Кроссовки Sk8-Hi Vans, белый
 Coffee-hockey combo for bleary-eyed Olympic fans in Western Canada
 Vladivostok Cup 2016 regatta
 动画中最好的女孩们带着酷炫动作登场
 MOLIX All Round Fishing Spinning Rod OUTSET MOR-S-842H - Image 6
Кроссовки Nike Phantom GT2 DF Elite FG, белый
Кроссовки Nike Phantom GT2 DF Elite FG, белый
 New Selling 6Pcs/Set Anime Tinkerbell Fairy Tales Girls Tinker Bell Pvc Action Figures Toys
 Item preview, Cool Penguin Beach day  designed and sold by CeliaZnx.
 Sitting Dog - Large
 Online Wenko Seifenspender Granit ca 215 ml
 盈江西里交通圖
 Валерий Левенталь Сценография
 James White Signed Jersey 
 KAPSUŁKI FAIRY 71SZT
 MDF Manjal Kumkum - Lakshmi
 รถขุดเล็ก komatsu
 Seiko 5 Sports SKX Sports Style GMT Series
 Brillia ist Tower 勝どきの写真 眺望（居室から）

══════════════════════════════

Copy out exactly the lines running from the line with "James White Signed Jersey" to the end of the records, inclusive.

 James White Signed Jersey 
 KAPSUŁKI FAIRY 71SZT
 MDF Manjal Kumkum - Lakshmi
 รถขุดเล็ก komatsu
 Seiko 5 Sports SKX Sports Style GMT Series
 Brillia ist Tower 勝どきの写真 眺望（居室から）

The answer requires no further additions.